- _INPUT_:
————

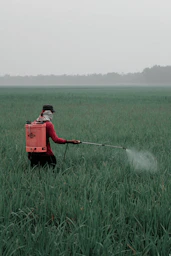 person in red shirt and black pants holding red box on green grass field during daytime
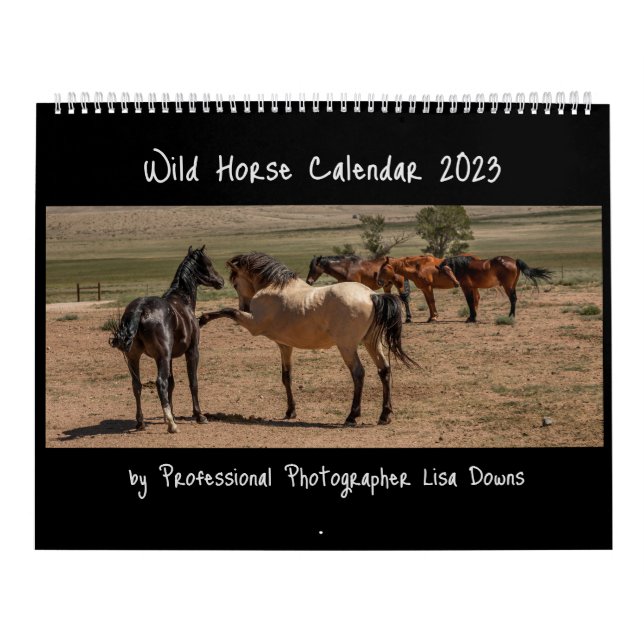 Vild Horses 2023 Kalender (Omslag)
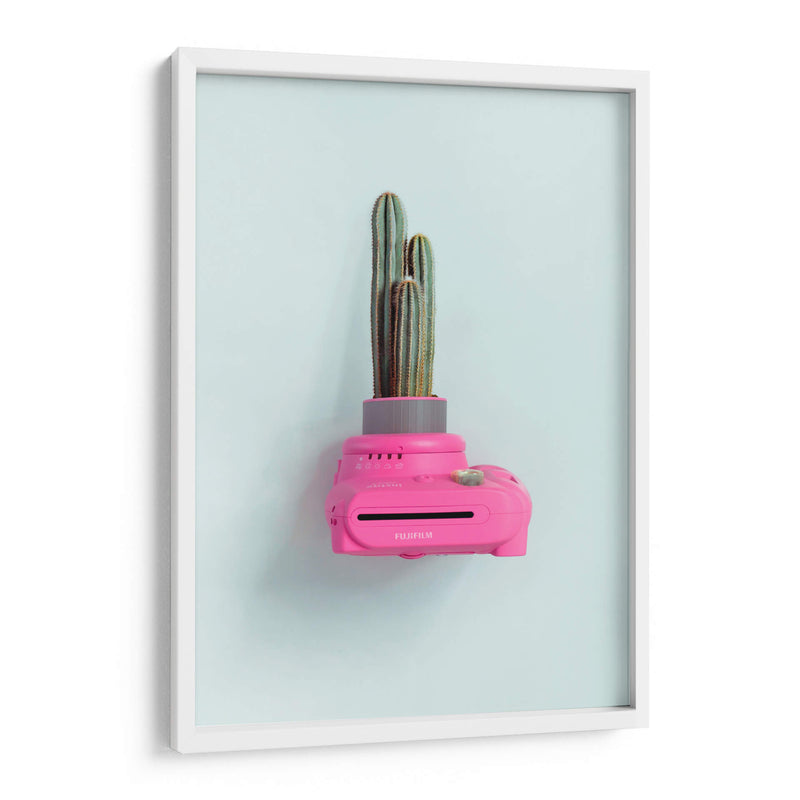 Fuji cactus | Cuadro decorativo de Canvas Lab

————

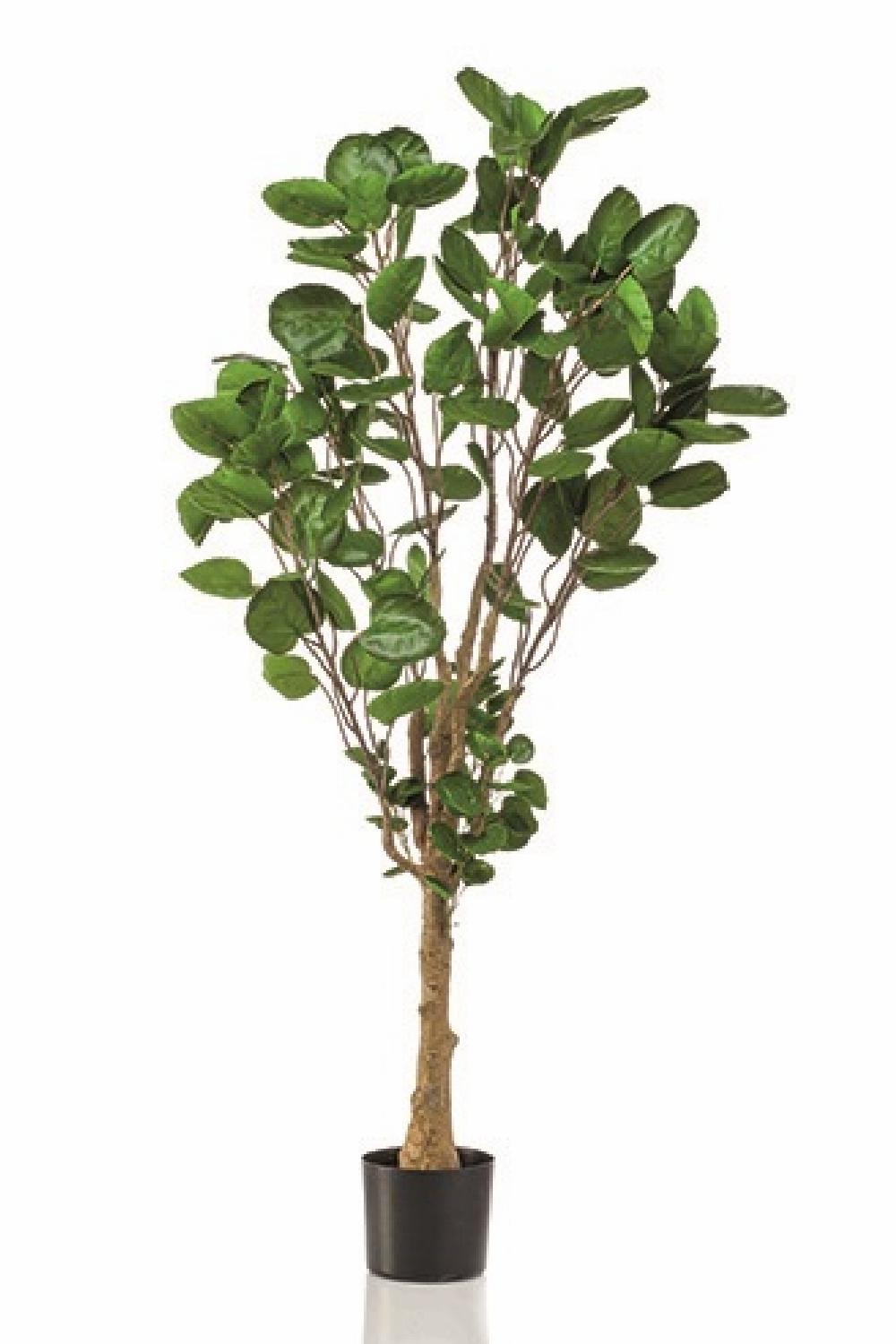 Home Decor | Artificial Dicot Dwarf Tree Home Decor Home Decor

————

- _WHAT YOU HAVE TO DO_: Copy the lines above between the one holding "person in red" and the one holding "Fuji cactus |", inclusive. Drop the pictures.

- _YOUR RESPONSE_:
 person in red shirt and black pants holding red box on green grass field during daytime
 Vild Horses 2023 Kalender (Omslag)
 Fuji cactus | Cuadro decorativo de Canvas Lab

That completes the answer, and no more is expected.